Most of the computation complexity in the above equation lies in finding the posterior probability of the latent state given the observed $$\color{red}{\mathbb{P}\left({\bf z}^{(n)}\| {\bf x}^{(n)};\theta\right)}$$. To elaborate on how the posterior probability is computed, let’s expand the acoustic model part in the previous figure as below, which is essentially a hidden-Markov chain.
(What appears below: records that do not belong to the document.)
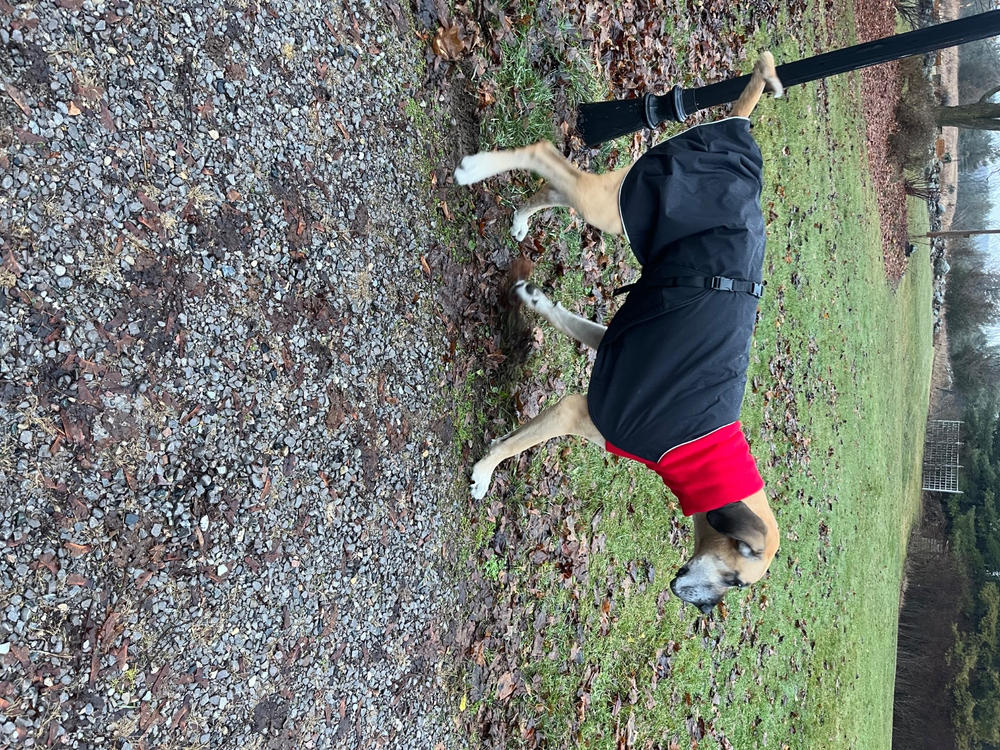 Great White North Winter Dog Coat, Standard and Long & Lean Sizes - Customer Photo From Anonymous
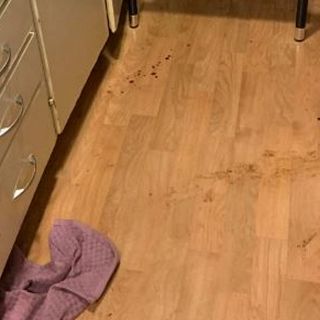 Hör kvinnans rop efter hjälp i larmsamtalet innan mordet i Vingåker: ”Kommer bli dödad om jag återvänder hem”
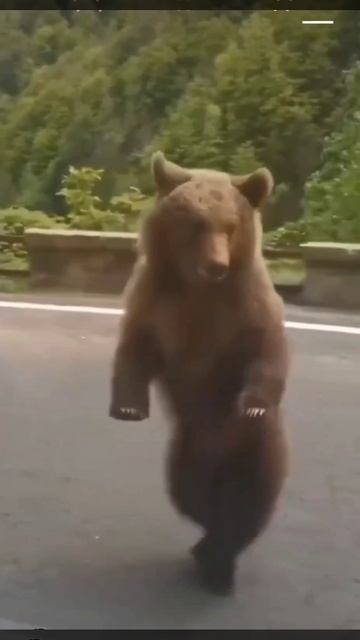 Эй, кожанный! Есть давай! Давай, говорю! Налог плати, говорю! Ух, жмотяра!🤣🤣🤣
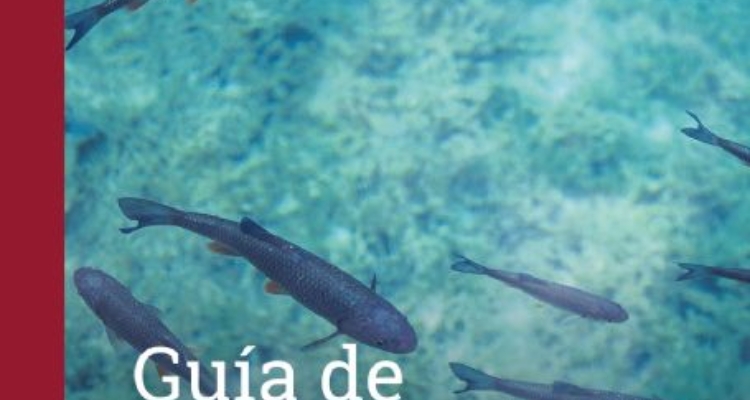 guia-recursos-acuicultura-univ-murcia
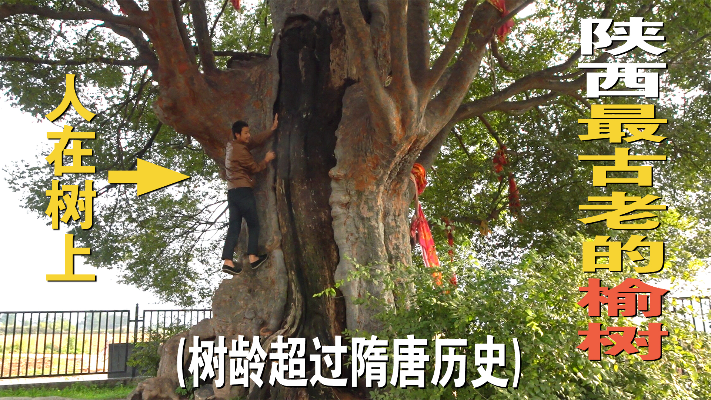 陕西最古老的榆树，古豹榆木树，树龄1700年，比隋唐历史还要久远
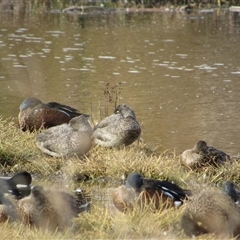 Stictonetta naevosa (Freckled Duck) at Fyshwick, ACT - 24 May 2025 by TwitchyCalm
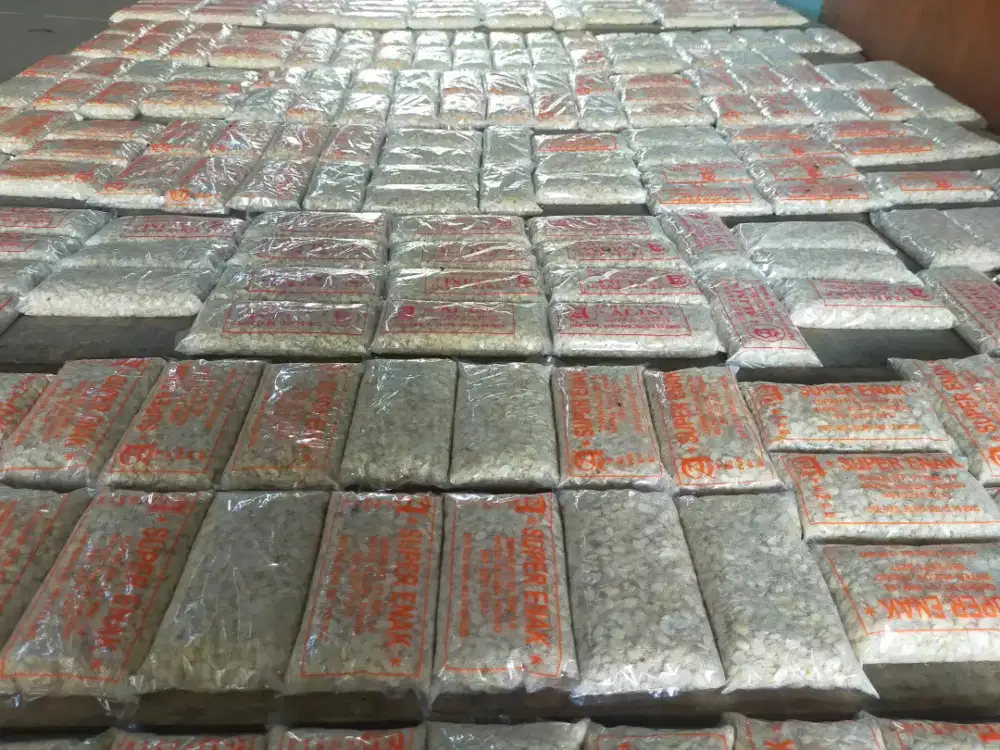 Tempe asli Kulon Progo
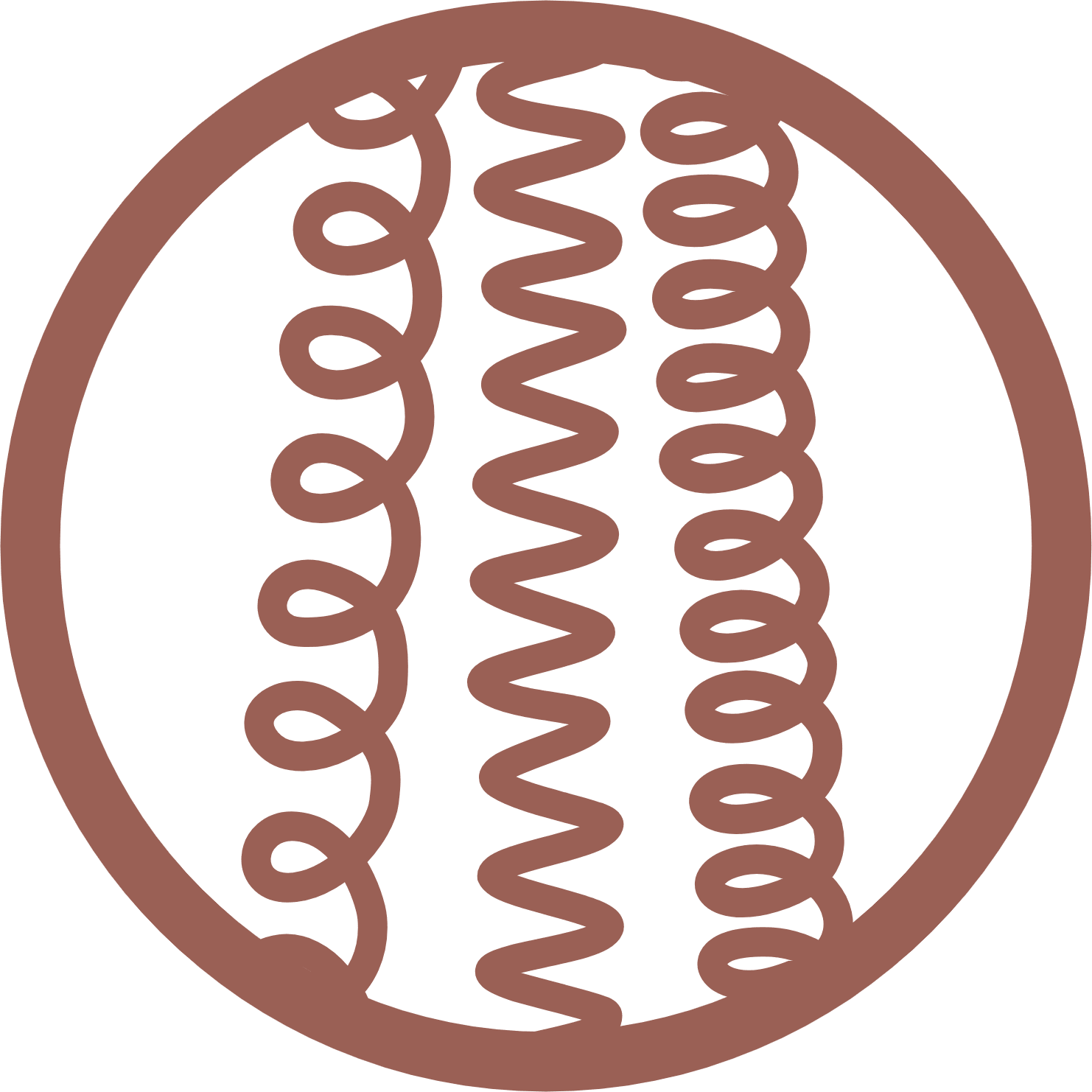 Image of coily hair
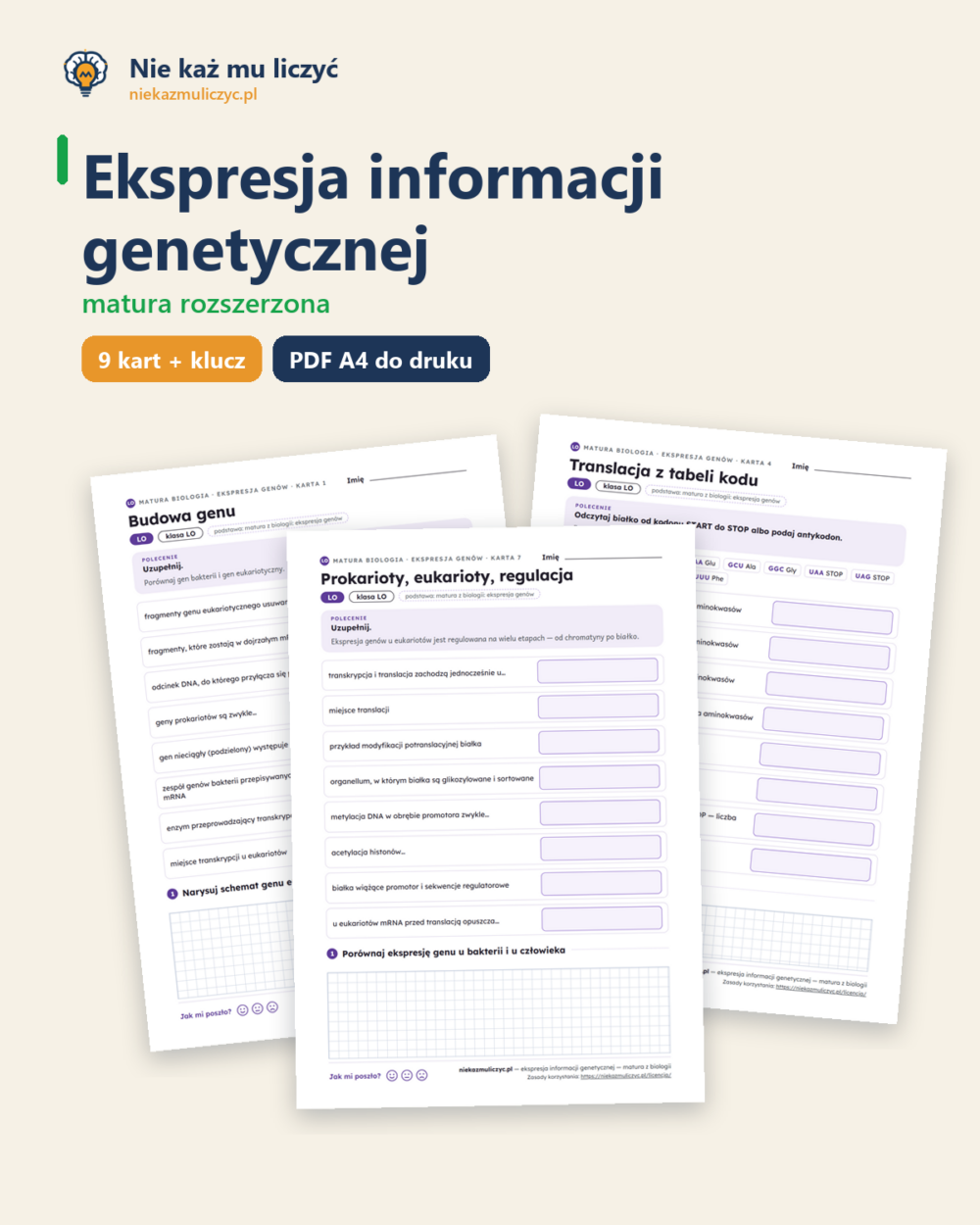 Ekspresja informacji genetycznej, matura z biologii — 9 kart PDF — okładka
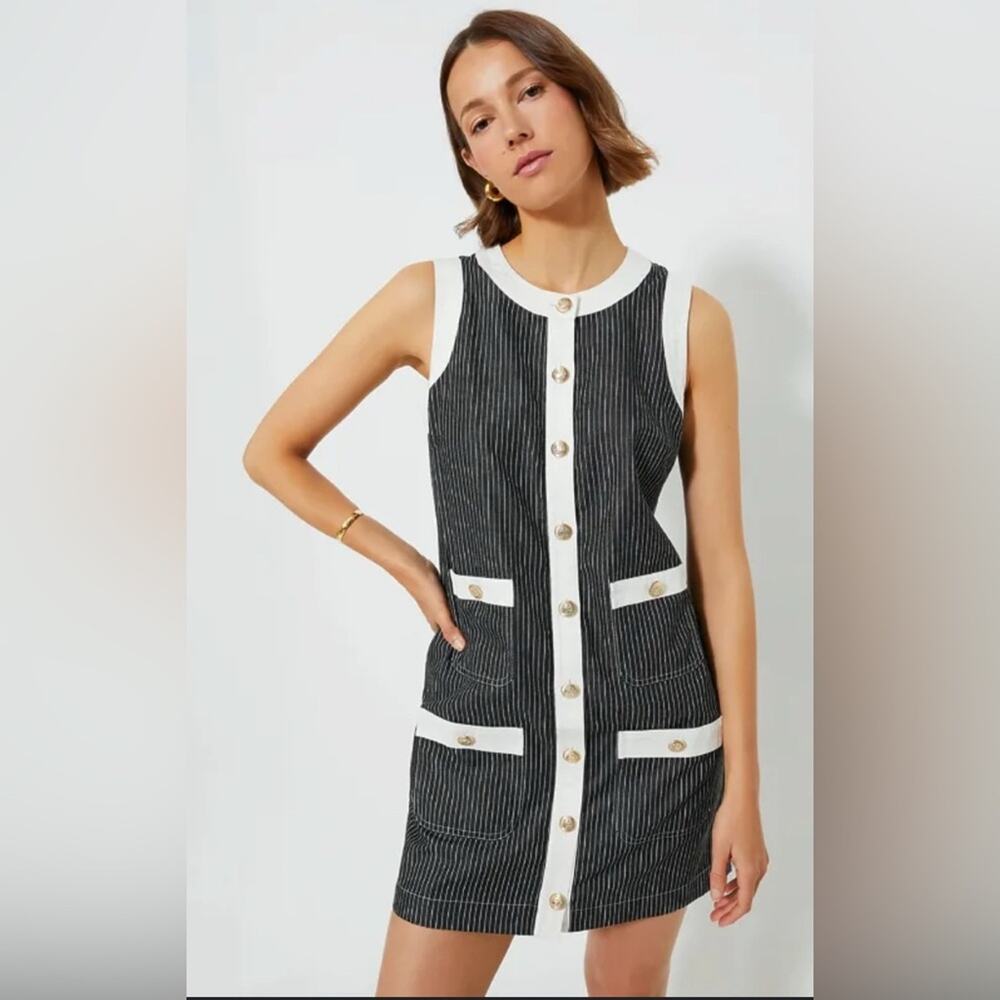 NWT POMANDER PLACE Black Stripe Voileta Dress Size Large Classic Old Money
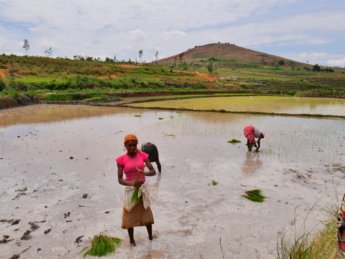 transplanting planting rice young in Madagascar Ambalavao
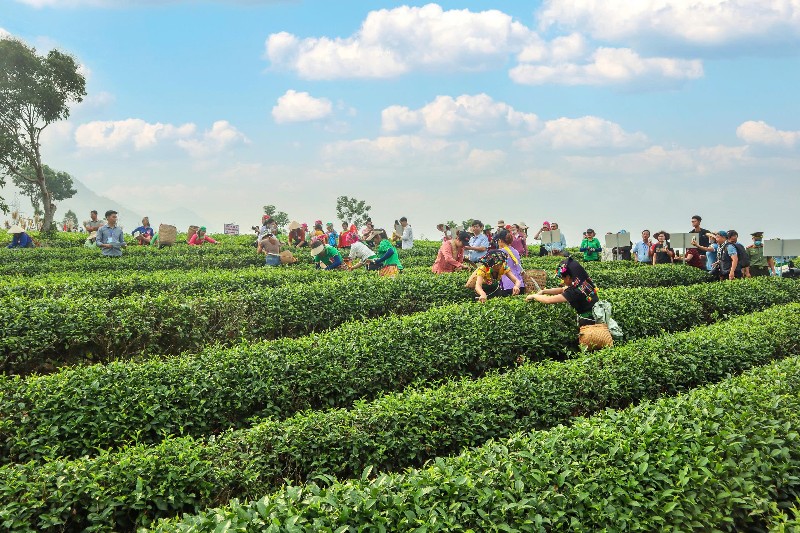 Phát triển sản xuất nông nghiệp hàng hóa, dược liệu theo hướng kinh tế xanh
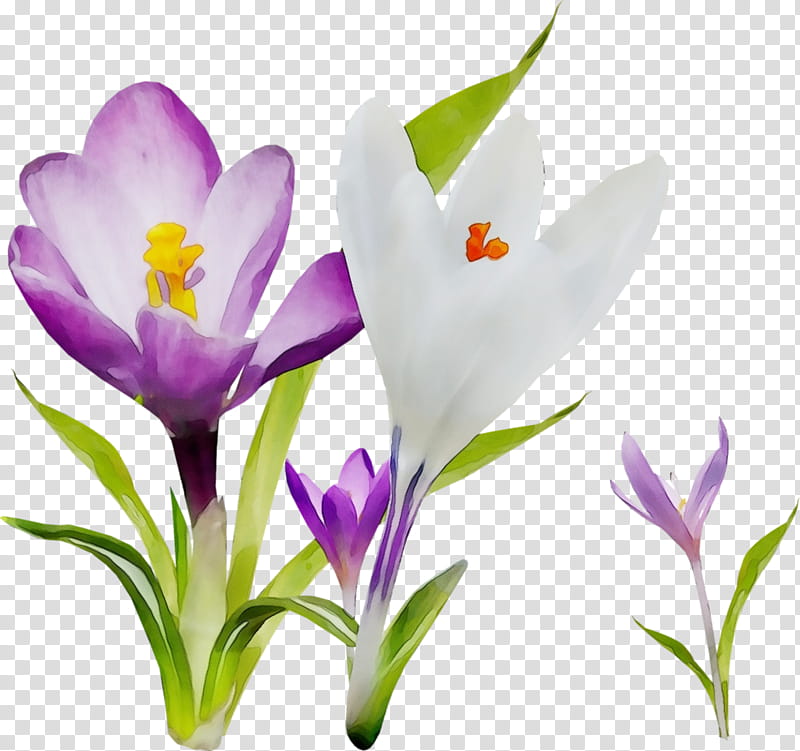 flower cretan crocus crocus tommie crocus plant, Watercolor, Paint, Wet Ink, Petal, Spring Crocus, Snow Crocus, Violet transparent background PNG clipart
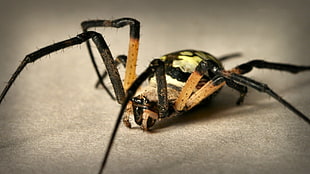 close-up photography of yellow and black Argiope spider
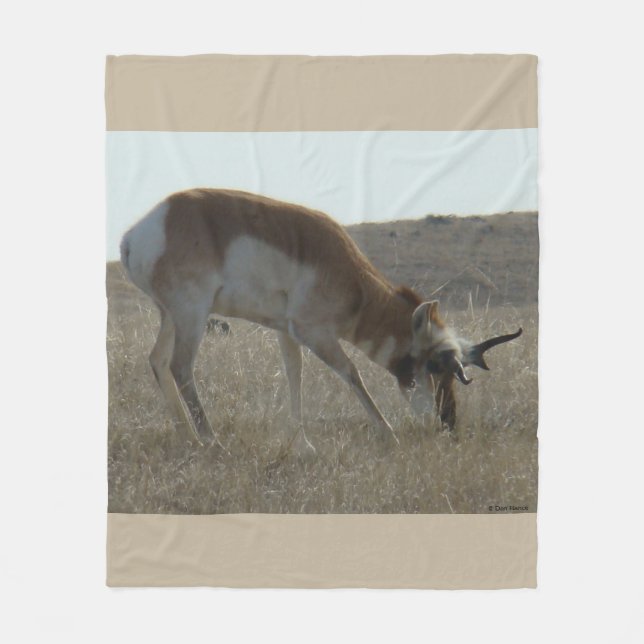 A34 Pronghorn Antelope Crooked Horns Buck Fleecedecke (Vorderseite)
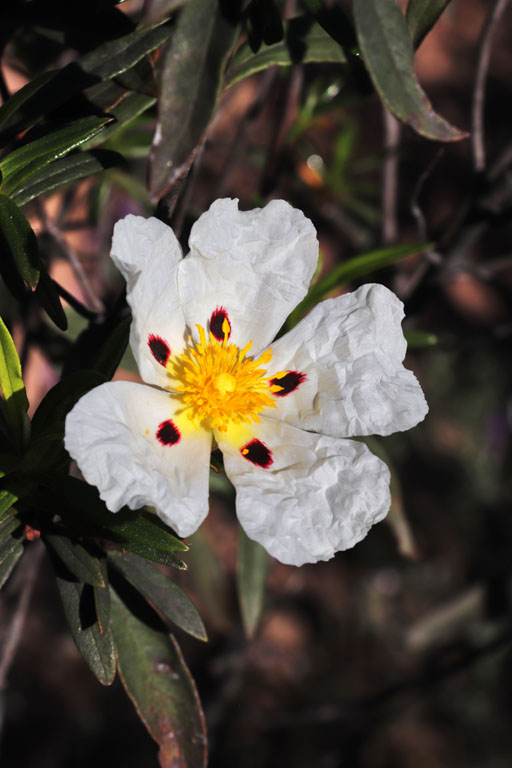 Ciste ladanifre, Cistus ladanifer, Le Muy, Var, mai 2019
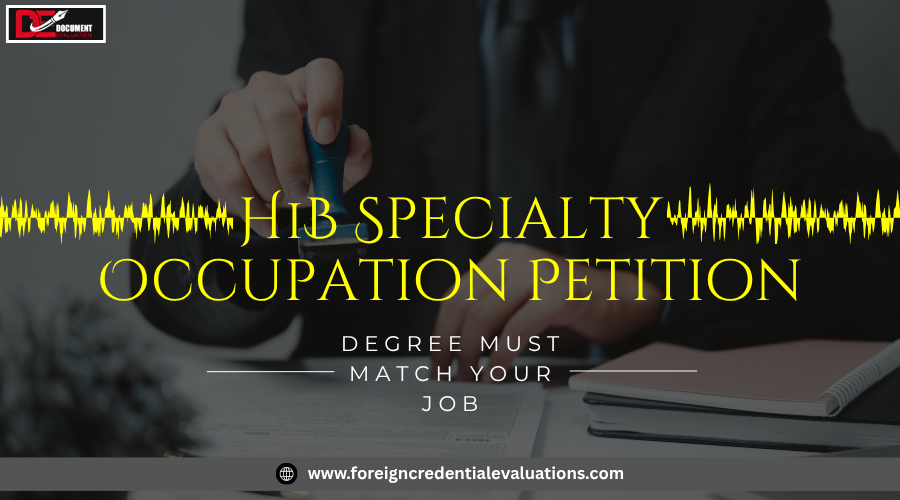 Professional reviewing an H1B expert letter and immigration documents for USCIS petition approval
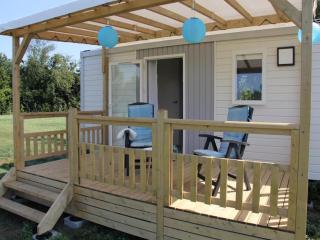 Chalet in Friesland near Alde Feanen, cleaning included - De Veenhoop - 5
The inference problem (finding the posterior of the latent given the observed) in a hidden Markov chain can be solved by a forward-backward algorithm. The algorithm manifests itself as BCJR algorithm in convolutional code bit-level MAP decoding and Kalman filtering in linear dynamic system.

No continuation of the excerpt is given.